Not a big meat eater but sometimes I like filet mignon or New York strip - medium


----------



## CrackerJack (Dec 10, 2019)

Mrs. Robinson said:


> I just buy this. Haven`t ever tried to make it from scratch....View attachment 84191


Will see if I can get this in a supermarket.I reside in the UK England and hope Knorr have this sauce available. Will get onto their customer service if I cant find it. Many thanks ☺


----------



## Lakeland living (Dec 10, 2019)

RIb eye for me, maybe some onions or mushrooms. Just a hint of salt, bad for the health.
Rare of course. A rare treat...


----------



## RadishRose (Dec 10, 2019)

CrackerJack said:


> Will see if I can get this in a supermarket.I reside in the UK England and hope Knorr have this sauce available. Will get onto their customer service if I cant find it. Many thanks ☺


The package is not the same thing. However, it is ok and you do get that tarragon flavor.


----------



## CrackerJack (Dec 10, 2019)

RadishRose said:


> The package is not the same thing. However, it is ok and you do get that tarragon flavor.

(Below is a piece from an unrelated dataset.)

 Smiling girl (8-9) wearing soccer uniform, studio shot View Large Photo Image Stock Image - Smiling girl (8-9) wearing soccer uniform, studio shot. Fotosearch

I find that some pre-packed sauce mixes never taste the same as home made so I rarely buy them. Knorr ones are okay depending which one you buy.


----------



## Capt Lightning (Dec 11, 2019)

I don't eat a lot of beef since we started to help raise  pigs and sheep, but I do like a nice Rib Roast  or Sirloin steak as a treat.  We do use some of the cheaper cuts for casseroles etc..  Shin (Skink as it's known locally) is great when cooked slowly in a broth.


----------